This is a tricky one to answer – the Low Voltage Directive defines low voltage from 50 – 1000 Vac, or 120 – 1500 Vdc, which is based on the mains voltage used to power the electrical system and ties in with specific IEC regulations on safety and risk of shock and arcing. When low voltage motors are discussed in the context of servo motors however, low voltage is focused on battery operated applications. While standard industry brushless motors are typically operated at 120 – 480 Vac, a are optimized at voltages ranging for 24 – 96 Vdc. By definition, voltages in this range are considered by the IEC to be in the Extra Low Voltage (ELV) category.
What makes a motor low voltage?
A servo motor is powered by a drive that obtains power from either an AC or DC source. Two specific motor parameters determine the motor’s speed/torque characteristics – the back EMF (Kb) measured in Volts/krpm, and torque sensitivity (Kt)measured by Nm/A. The motor speed is directly related to the applied voltage, and the motor torque is directly rated to the applied current. These two characteristics are directly affected by how many turns of wire are used in the motor coils, with the motor winding typically optimized for the voltage intended for the application. A motor can operate at voltages up to its maximum voltage rating, which is based on the insulation system used in the motor construction.

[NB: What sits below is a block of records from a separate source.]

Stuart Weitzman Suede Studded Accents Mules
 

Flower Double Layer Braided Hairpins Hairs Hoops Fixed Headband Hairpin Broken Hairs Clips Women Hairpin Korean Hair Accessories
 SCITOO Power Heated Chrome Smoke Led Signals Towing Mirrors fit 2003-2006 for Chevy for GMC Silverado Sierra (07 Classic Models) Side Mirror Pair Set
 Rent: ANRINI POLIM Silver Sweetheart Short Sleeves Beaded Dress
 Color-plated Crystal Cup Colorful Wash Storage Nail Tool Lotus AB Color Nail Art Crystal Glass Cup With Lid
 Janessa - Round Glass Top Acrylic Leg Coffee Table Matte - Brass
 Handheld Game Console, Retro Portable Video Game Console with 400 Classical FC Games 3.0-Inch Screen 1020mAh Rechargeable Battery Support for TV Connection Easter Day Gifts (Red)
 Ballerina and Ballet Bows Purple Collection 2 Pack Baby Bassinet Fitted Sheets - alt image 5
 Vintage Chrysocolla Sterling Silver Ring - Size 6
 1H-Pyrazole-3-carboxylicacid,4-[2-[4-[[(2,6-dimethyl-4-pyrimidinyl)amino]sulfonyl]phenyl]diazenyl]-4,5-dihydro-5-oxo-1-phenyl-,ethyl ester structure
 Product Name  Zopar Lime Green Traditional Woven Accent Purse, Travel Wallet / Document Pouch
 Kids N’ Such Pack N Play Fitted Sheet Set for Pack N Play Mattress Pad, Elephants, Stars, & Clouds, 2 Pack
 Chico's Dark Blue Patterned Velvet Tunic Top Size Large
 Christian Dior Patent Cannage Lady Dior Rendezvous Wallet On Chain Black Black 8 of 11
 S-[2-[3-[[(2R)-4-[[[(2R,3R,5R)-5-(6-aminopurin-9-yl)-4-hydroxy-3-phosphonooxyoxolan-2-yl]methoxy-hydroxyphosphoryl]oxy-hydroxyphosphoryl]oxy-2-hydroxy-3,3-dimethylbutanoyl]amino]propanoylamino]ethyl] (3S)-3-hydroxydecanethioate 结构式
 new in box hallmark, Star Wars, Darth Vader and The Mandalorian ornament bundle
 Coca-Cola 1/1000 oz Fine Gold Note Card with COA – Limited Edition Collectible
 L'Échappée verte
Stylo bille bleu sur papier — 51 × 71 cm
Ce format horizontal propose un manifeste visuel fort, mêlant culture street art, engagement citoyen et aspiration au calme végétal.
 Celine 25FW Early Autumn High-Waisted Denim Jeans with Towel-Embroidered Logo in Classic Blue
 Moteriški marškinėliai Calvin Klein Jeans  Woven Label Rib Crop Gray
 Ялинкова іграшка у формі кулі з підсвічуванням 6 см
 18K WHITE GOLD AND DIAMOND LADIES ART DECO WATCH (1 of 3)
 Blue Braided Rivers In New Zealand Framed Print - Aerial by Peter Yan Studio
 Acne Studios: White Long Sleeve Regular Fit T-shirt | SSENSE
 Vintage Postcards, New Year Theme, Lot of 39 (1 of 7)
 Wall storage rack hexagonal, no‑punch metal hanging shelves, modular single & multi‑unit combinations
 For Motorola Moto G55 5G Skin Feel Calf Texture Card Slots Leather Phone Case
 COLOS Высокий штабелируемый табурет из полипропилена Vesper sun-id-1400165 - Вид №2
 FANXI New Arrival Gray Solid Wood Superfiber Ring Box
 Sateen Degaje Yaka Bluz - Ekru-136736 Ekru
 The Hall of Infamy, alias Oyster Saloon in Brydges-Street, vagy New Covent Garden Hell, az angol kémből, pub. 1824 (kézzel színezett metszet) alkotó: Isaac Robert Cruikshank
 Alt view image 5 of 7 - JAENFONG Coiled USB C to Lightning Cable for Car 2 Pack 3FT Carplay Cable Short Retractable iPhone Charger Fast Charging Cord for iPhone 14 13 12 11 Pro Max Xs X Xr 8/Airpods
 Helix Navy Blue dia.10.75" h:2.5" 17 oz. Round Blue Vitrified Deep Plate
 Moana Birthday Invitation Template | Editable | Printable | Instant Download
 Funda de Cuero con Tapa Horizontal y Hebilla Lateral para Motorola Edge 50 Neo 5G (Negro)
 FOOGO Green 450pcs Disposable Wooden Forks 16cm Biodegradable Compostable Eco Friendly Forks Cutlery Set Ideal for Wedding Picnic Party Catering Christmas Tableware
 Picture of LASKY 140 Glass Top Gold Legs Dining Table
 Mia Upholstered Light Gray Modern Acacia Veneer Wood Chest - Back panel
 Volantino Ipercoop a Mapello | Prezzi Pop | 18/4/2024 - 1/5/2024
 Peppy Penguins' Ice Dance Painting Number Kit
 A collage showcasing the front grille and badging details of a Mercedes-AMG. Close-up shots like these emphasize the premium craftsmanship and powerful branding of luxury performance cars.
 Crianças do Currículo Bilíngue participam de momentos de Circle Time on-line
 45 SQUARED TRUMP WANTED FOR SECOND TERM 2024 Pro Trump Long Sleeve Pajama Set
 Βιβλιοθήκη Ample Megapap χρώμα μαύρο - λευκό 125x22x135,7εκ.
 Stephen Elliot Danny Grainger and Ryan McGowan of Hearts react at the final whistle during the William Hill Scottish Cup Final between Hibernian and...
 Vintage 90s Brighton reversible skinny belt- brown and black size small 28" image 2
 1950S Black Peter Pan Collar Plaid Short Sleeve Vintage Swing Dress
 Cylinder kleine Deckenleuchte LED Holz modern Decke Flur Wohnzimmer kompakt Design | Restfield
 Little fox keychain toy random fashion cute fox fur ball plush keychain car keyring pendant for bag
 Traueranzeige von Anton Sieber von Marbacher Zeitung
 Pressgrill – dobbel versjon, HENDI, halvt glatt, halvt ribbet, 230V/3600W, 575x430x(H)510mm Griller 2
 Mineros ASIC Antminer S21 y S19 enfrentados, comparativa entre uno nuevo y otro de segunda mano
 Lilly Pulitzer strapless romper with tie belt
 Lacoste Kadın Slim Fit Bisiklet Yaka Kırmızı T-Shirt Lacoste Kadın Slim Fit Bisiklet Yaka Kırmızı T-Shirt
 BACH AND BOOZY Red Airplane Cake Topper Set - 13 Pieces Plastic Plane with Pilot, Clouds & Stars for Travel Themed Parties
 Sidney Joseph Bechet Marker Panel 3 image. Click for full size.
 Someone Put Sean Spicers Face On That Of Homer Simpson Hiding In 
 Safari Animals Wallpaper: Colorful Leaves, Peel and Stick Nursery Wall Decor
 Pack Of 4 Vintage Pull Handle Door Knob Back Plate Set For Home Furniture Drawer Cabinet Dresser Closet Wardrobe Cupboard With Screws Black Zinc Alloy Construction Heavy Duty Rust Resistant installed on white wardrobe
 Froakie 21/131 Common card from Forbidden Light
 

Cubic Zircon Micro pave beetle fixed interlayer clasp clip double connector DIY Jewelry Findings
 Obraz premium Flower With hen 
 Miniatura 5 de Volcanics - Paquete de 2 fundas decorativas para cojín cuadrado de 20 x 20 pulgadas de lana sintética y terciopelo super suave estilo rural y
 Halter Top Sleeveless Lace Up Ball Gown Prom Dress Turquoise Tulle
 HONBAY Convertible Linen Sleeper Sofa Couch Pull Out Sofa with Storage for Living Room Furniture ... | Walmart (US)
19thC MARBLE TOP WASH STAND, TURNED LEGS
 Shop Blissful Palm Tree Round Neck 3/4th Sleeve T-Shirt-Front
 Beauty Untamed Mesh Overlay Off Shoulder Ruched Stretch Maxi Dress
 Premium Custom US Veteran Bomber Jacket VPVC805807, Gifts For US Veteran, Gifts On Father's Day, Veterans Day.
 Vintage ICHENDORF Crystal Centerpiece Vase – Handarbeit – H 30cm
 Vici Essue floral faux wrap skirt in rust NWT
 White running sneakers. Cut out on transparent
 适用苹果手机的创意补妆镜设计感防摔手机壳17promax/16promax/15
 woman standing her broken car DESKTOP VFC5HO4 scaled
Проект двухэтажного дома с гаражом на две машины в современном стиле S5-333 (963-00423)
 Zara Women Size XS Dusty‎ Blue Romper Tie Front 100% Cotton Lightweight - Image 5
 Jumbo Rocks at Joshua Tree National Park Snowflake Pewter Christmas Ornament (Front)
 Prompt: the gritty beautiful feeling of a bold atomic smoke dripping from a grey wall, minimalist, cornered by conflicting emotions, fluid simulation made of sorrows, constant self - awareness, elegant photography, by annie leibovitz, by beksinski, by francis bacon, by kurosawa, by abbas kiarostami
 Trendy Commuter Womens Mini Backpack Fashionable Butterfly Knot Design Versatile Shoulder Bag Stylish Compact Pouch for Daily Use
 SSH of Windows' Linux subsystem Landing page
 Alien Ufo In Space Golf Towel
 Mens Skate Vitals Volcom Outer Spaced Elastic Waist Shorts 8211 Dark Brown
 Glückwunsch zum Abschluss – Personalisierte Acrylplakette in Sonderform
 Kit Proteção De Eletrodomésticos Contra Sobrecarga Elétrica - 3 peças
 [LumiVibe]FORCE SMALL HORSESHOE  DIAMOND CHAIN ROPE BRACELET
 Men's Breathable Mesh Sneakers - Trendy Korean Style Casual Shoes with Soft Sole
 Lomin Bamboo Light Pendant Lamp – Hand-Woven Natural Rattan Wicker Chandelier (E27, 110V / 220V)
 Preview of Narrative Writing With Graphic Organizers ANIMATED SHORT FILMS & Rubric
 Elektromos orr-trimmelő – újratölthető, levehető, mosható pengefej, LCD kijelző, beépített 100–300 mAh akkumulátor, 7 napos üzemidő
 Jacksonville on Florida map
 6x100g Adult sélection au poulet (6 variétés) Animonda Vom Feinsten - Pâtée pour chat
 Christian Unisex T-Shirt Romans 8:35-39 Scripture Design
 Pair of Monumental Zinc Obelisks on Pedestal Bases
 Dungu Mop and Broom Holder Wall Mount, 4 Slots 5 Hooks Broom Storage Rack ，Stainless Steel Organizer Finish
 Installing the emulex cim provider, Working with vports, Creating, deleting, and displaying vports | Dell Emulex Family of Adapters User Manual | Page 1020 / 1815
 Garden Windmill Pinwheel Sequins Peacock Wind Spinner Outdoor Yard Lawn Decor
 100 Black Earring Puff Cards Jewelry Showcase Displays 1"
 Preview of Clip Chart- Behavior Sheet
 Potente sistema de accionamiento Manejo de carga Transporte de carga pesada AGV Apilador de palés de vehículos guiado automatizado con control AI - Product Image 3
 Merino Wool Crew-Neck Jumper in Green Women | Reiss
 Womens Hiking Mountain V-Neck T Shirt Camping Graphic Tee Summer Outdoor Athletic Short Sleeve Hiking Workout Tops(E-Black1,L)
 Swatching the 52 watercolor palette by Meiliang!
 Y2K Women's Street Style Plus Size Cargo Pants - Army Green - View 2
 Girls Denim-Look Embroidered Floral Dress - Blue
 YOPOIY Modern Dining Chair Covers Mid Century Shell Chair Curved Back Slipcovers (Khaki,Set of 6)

Example: A motor rated at 2000 rpm with a rated torque of 5 Nm will utilize windings with 10 turns per coil having a voltage rating of 170 Vdc and current rating of 10 A. If this motor was powered with 85Vdc and no adjustments were made to the winding, it would only be capable of 1000 rpm at 5 Nm (assuming the same current is available at the lower voltage). To operate at the same power level with a lower voltage, the motor winding would be adjusted by reducing the number of turns (5 turns per coil) to achieve 2000 rpm at 85 Vdc. However, doing this changes the motor torque sensitivity characteristics and, to achieve 5 Nm of torque at 2000 rpm with 85 Vdc, 20 amps will now be required.
Consider typical battery-operated applications, such as remotely operated vehicles (ROV’s) or Robotics, where voltage from 24 – 96 Vdc are utilized. The servo motor would need to contain windings that were optimized to meet the load point at the specific applied voltage and available current. These applications are ideal for low voltage motor solutions since the application requirements are typically lower speeds and higher torque. However, a low voltage motor may be applicable for operation at higher speeds as well if the motor windings are optimized for efficient operation at the rated speed, torque, available voltage and current.